Diese fortschreitende Enttabuisierung stürzt Rangordnung und Wertigkeit, stellt sie auf den Kopf, wird durch nichts als Phrasen ersetzt und stemmt sich breit gegen alle reale Lebenserfahrung. Unter Alkohol begangene Raufereien werden in den Rang von staatsgefährdenden Putschversuchen gehoben, werden längst sattsam Polizeibekannte Rauschgifthändler zu Opfern politischer Abneigungen stilisiert und Verdauungsbeschwerden eines Fußballkönigs zu Spitzenmeldungen gekrönt.

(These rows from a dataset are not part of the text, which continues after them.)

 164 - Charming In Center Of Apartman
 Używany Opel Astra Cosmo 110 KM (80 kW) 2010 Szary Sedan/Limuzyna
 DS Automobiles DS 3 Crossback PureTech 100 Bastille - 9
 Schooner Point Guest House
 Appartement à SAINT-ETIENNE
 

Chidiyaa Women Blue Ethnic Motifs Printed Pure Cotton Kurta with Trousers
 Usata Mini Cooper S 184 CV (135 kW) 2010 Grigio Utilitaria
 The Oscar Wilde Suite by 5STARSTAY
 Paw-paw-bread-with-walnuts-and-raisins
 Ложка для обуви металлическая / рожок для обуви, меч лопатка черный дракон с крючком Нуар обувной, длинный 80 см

Gilt es nicht längst als ausgemacht, daß in den Medien die Deutungshoheit von Zeitereignissen weder dem Zufall noch dem souveränen Fachmann überlassen wird? Schauspieler, zumeist eher in der geschmeidigen und suggestiven Wiedergabe von Worten als in der mühsameren Sphäre des Denkens zuhause, werden in den Rang von seherischen Visionären und Deutern zeitgeschichtlicher Ereignisse erhoben, auch wenn sie nur den Brei des Clans wohlgefällig geschmeidig rühren.
Roth zitiert Wolfgang Hetzer, der einst im Kanzleramt tätig war, der auf einer Tagung für Polizeibeamte, Richter und Staatsanwälte am 15. März 2006 in Trier sagte: "Eine fast schon dramatische Schlußfolgerung drängt sich auf: Ein Gemeinwesen, das von einer Machtclique geführt wird, die nicht mehr begreift, daß sie mit der Demütigung von Mitmenschen ihre Legitimation verliert, hat jeden Anspruch auf Loyalität verwirkt". Der Zusammenhang mit der immer geringeren Wahlbeteiligung der Bürger und dem steten Anwachsen der ohnehin schon größten Partei der Nichtwähler scheint evident. Kein Wunder, kam doch schon 1978 die mit der Aufklärung von Mafiaverbrechen beauftragte italienische Polizei zu der Schlußfolgerung, daß in Berlin ein "illegales Netzwerk bestand und von der CDU und dem Rotlichtmilieu angeführt wurde".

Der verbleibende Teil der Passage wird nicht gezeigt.